Ян Орловский Пастернак и музыка Шопена

Ковальчук Ан
оригинал
Творчество Шопена, которое уже давно стало частью мировой культуры, исключительной популярности достигло в России и в других славянских странах. Шопен навсегда вошел в русскую музыкальную культуру и живет там по сей день. Его произведения стали исполняться в России с середины тридцатых годов девятнадцатого века, задолго до смерти композитора.

Известность Шопена в России не ограничивается только музыкальными кругами. В воспоминаниях, письмах и дневниках многих русских писателей (Владимира Одоевского, Льва Толстого, Бориса Пастернака), часто можно найти отзывы или диалоги о Шопене и его музыке. Своеобразным феноменом, особенно в русской поэзии ХХ века является множество стихотворений, посвященных польскому композитору (авторства: Изабеллы Гриневской, Виктора Лазарева, Владимира Палея, Игоря Северянина, Бориса Пастернака, Всеволода Рождественского, Леонид Хаустова, Бронислава Кежуна, Виктора Бокова, Яна Бернарда, Бориса Дубровина, Виктора Круглова и др.).

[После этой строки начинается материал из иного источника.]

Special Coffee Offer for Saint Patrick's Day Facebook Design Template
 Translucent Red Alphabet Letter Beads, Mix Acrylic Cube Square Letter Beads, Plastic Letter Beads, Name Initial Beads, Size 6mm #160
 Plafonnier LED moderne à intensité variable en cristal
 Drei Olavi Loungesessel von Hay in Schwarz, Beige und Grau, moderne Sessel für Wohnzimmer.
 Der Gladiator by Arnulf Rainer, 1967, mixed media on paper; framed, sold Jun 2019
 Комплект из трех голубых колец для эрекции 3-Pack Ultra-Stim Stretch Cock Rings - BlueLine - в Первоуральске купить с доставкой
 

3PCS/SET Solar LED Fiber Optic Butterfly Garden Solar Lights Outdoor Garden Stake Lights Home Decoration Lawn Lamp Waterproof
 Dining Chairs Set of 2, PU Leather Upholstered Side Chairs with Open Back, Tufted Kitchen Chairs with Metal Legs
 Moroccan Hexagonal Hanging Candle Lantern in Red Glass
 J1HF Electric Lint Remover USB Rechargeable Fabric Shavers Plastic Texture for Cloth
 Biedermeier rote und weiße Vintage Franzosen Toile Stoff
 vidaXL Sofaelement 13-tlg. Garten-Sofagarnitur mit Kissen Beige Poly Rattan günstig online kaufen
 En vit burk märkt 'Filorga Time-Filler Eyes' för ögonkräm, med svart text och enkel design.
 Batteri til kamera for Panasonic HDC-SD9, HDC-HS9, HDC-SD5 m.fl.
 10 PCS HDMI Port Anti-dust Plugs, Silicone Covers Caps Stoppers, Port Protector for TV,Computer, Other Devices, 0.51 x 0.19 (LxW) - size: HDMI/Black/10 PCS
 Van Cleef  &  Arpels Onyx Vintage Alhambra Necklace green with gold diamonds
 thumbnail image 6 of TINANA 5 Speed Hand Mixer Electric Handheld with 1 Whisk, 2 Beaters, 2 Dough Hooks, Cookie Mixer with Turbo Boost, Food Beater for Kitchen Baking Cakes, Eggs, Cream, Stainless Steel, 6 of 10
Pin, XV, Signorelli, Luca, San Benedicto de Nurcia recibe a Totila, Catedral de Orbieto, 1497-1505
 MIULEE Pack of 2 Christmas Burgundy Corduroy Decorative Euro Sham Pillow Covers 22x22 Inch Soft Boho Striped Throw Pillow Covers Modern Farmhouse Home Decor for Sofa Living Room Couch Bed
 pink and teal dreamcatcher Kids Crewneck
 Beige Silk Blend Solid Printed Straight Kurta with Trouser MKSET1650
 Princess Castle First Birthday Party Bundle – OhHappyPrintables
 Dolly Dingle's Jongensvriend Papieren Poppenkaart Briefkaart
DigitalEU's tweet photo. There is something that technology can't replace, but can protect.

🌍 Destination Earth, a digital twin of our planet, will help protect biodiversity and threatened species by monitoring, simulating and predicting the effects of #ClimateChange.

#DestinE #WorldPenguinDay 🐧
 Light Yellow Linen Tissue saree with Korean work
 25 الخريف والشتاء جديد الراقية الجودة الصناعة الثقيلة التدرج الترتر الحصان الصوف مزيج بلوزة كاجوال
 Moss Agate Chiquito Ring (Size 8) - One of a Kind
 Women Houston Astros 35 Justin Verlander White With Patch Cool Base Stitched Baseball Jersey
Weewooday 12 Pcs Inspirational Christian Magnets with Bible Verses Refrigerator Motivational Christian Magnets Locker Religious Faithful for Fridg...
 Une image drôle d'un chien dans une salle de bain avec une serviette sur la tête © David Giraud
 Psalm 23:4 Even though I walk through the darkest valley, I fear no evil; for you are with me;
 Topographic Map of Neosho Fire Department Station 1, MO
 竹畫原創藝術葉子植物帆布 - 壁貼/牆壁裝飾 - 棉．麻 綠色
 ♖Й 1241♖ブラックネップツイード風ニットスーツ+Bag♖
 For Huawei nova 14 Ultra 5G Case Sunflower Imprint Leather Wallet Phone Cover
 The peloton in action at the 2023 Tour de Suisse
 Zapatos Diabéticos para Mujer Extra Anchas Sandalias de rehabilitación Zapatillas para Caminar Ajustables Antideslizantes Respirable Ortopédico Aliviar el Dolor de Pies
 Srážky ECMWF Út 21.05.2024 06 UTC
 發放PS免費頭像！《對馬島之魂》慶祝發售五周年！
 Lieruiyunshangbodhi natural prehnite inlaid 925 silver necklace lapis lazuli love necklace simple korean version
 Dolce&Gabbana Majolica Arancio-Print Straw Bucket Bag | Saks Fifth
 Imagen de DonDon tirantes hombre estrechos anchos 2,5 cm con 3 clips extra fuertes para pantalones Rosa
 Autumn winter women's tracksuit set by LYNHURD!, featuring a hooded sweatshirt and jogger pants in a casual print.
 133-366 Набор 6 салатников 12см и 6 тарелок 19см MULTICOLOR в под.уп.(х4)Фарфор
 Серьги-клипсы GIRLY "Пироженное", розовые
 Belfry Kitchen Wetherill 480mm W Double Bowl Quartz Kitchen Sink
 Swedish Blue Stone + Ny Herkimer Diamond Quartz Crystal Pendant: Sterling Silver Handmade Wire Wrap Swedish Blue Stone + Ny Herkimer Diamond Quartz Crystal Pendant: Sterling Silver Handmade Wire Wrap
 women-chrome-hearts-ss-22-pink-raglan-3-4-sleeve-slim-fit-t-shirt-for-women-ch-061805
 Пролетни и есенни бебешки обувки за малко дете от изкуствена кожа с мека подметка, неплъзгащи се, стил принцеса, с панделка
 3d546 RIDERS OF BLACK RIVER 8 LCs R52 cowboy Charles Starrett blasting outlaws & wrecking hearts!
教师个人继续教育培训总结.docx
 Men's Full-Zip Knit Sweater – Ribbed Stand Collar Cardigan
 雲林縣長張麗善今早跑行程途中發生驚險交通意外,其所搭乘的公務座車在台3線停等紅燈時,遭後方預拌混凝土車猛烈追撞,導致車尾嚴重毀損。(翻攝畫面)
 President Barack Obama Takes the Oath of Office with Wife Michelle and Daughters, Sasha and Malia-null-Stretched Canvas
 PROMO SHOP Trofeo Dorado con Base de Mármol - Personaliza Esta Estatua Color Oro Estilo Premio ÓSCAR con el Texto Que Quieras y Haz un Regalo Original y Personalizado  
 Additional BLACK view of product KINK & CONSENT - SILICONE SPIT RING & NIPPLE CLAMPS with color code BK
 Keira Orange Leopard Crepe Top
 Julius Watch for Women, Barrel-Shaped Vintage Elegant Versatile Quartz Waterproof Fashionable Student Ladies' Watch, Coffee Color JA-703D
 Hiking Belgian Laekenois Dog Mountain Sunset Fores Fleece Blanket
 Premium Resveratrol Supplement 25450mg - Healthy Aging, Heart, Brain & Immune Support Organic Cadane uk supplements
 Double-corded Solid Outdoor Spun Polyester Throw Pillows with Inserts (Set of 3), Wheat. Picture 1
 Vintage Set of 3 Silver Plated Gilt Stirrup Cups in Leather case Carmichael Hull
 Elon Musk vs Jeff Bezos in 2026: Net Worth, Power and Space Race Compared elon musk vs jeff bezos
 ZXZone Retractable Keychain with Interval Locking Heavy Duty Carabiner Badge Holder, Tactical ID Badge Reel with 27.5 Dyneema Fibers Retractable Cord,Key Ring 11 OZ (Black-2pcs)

Однако, совершенно особую роль играет музыка Шопена в духовной жизни Бориса Пастернака (1890-1960), который знаком с ней с самого детства. Потому что его мать - Розалия Кауфман - была талантливой пианисткой, выступающей на публичных концертах, и ее любимым композитором был безусловно Шопен. Его музыка часто звучала в московском доме Пастернаков. Будущий поэт унаследовал музыкальный талант своей матери, в молодости сочинял небольшие произведения (музыкального искусства, которому обучался под руководством известного композитора Александра Скрябина), но в конечном итоге посвятил себя писательской стезе.
Он начинал свой творческий путь от музыки и философии (он изучал философию в Московском университете в 1909-1913) и позднее пришел к литературе. Подобное мнение высказывал Владимир Альфонсов в своей книге "Поэзия Бориса Пастернака":
"Музыка, живопись, философия проявились в произведениях Пастернака в их глубоких взаимоотношениях."

Духовными проводниками молодого Пастернака в художественном мире были по большей части Райнер Мария Рильке, Лев Толстой и Александр Скрябин. Позже,в отдельных произведениям Пастернак писал о музыке двух великих композиторов - Шопена и Скрябина, чье искусство он очень высоко ценил.
Согласно верованиям Пастернака - о чем свидетельствует его поэтическая и автобиографическая "Охранная грамота" - искусство является неотъемлемой частью реальности и не распадаются на отдельные участки. Это был фундаментальный принцип эстетики поэта, который - как вы знаете, - был сыном художника и пианистки. Пастернак, проповедуя неразрывное единство искусства, писал в 1932 году грузинскому поэту Паоло Яшвили, что столица Грузии, с ее богатством духовной культуры и ландшафта, будет для него тем - "чем были Шопен, Скрябин, Марбург, Венеция и Рильке - главами "Охранной грамоты" , которая простирается на всю жизнь ... ».
Здесь Пастернак приводит имена тех людей, которые были его кумирами в мире искусства и названия городов, где познакомился с богатством немецкой философской мысли (Марбург) и шедевров живописи итальянского Ренессанса и архитектуры (Венеция). Зачарованность поэта наследием европейской культуры показали именно в вышеупомянутой его "Охранной грамоте".
Пастернаковское увлечение Шопен находит свое отражение в его поэзии и прозе. С точки зрения поэта польский композитор был идеалом великого художника, создателя ценности вечной и универсальной. Ссылки на Шопена и его музыку появлялись в стихотворениях межвоенного периода, а также в некоторых произведений из послевоенной лирики Пастернака.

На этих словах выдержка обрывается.